Tuesday, April 12, 2011

Federal spending cuts: Joint Strike Fighter engine project likely to go

LA times

WASHINGTON -- A $450-million project to build an alternative engine for the Joint Strike Fighter would be eliminated as part of the 2011 spending-reduction package agreed to late last week to avert a government shutdown, according to sources familiar with the negotiations.

Congressional negotiators have been working around the clock to hash out the details of the $38-billion package agreed to by Congress and the White House late last week. Congress is expected to vote on the deal this week, before a temporary measure to keep the government running expires on Thursday.

Deciding which programs to cut remains in flux, but the White House has said that funds for Head Start preschools and the Pell Grant college loan program have been preserved. Cuts are being made to housing assistance, health and other education programs, as well as transportation accounts and an agricultural insurance program, the White House said in a blog post.

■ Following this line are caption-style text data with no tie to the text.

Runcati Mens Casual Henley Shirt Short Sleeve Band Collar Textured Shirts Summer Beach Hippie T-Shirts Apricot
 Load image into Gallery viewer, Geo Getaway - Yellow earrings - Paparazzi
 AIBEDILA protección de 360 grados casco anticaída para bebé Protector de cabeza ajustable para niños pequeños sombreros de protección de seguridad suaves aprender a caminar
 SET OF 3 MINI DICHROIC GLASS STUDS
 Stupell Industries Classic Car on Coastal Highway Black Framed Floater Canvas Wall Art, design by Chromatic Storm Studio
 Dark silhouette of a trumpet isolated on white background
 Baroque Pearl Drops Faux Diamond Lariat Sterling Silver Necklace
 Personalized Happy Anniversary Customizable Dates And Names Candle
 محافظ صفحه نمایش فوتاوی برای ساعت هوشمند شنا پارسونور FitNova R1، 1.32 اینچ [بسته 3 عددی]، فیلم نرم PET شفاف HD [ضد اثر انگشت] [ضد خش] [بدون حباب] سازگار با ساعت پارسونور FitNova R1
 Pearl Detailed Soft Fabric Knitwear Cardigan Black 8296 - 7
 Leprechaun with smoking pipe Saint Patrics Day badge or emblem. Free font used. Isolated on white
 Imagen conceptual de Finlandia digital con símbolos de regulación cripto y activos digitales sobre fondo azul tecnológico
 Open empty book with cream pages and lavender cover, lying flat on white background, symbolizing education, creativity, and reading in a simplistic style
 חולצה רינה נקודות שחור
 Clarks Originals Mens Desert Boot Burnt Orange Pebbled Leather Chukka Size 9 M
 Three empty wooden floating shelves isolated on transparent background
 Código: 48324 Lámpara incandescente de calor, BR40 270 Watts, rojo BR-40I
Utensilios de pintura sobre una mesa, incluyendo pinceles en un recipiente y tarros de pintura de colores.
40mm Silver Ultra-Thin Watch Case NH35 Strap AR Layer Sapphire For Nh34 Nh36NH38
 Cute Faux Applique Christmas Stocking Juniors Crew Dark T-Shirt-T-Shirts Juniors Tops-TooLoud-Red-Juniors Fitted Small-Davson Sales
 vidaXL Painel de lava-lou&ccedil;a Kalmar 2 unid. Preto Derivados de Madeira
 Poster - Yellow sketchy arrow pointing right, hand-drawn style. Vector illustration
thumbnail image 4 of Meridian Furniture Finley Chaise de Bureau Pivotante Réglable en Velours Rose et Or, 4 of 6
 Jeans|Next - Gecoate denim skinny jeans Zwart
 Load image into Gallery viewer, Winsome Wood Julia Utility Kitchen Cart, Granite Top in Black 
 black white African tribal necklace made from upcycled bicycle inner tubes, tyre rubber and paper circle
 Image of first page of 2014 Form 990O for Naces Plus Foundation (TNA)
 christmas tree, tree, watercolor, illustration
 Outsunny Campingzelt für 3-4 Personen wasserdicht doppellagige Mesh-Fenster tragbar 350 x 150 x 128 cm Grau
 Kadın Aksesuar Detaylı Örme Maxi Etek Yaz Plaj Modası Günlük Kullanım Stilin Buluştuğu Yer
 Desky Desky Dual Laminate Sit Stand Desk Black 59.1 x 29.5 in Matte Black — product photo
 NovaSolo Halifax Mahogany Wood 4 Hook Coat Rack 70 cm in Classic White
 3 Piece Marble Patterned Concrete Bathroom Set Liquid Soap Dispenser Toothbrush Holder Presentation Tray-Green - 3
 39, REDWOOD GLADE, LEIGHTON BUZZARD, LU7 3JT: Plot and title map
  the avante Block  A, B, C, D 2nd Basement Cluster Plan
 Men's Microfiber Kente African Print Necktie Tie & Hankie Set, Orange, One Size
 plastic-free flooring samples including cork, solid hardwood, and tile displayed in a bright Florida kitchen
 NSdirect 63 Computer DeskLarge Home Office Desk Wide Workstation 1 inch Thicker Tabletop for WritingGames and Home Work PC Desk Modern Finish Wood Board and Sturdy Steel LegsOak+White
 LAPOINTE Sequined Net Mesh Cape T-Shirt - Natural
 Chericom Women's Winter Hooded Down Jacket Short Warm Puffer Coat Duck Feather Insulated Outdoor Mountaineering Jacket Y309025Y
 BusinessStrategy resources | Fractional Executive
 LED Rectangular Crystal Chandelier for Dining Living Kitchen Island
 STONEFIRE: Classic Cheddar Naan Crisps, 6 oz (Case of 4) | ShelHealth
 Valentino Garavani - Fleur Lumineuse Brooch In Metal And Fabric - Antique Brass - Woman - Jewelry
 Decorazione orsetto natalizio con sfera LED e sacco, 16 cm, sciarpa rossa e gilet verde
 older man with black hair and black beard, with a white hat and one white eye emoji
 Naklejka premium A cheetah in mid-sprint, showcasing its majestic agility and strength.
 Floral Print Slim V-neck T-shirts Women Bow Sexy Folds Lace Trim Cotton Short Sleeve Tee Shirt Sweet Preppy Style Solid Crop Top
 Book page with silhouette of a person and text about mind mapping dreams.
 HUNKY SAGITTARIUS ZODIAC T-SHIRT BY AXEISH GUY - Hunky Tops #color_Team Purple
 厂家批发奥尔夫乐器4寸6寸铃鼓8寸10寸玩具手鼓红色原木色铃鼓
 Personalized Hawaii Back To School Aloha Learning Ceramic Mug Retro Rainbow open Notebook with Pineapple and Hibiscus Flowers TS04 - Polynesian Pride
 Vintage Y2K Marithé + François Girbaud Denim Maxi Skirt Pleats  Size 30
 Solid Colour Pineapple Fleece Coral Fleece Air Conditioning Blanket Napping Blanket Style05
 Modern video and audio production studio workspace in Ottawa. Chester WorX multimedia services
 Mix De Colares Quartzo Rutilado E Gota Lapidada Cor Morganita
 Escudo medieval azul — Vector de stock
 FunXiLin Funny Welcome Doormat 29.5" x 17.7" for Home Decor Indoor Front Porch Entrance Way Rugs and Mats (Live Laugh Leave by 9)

Eliminating the Joint Strike Fighter second engine project would emerge as one of the key Pentagon cuts.

Conservative Republicans in the House led the campaign to end the project, which supporters argued was needed to get the best product as two companies competed to build the new F-35 engine. Critics said building two versions of the same engine was wasteful.

The alternate engine is being built in Ohio, just outside of House Speaker John A. Boehner's district, and he has supported the jobs and other economic benefits stemming from the project.